### WHAT YOU NEED TO DO
What you return must match the data below exactly, minus any pictures.
____
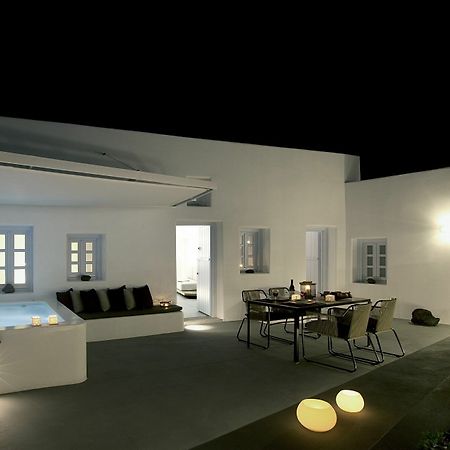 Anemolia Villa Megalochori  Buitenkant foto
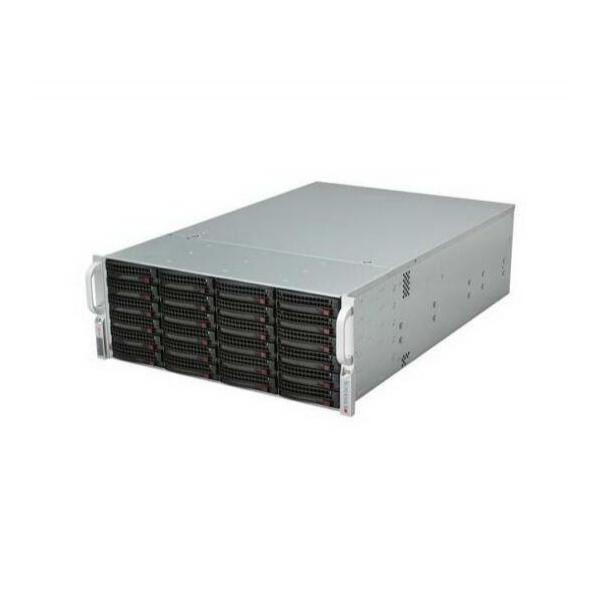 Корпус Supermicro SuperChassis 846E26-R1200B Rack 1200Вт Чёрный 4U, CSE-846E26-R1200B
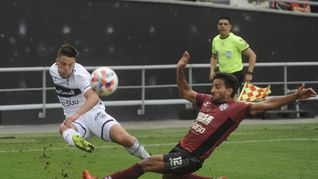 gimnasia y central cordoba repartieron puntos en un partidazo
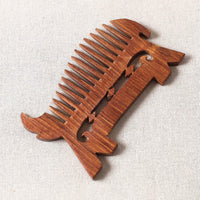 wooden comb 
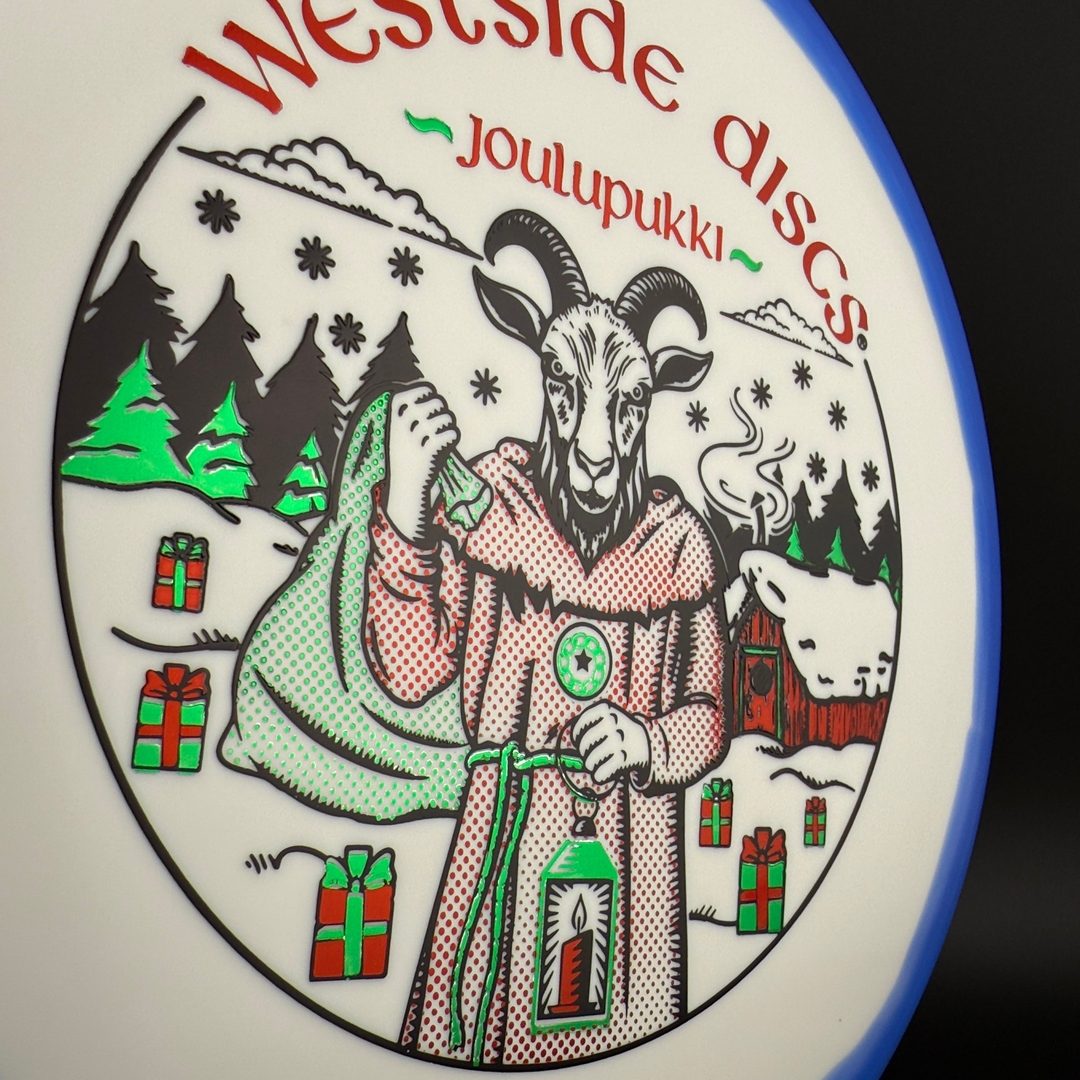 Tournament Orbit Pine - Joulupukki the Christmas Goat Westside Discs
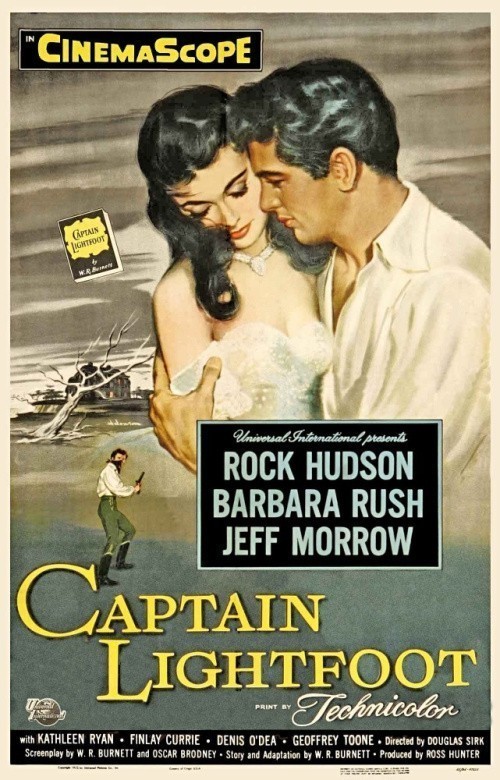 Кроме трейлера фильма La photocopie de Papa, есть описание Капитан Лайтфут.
____
### REPLY
 Anemolia Villa Megalochori  Buitenkant foto
 Корпус Supermicro SuperChassis 846E26-R1200B Rack 1200Вт Чёрный 4U, CSE-846E26-R1200B
 gimnasia y central cordoba repartieron puntos en un partidazo
 wooden comb 
 Tournament Orbit Pine - Joulupukki the Christmas Goat Westside Discs
 Кроме трейлера фильма La photocopie de Papa, есть описание Капитан Лайтфут.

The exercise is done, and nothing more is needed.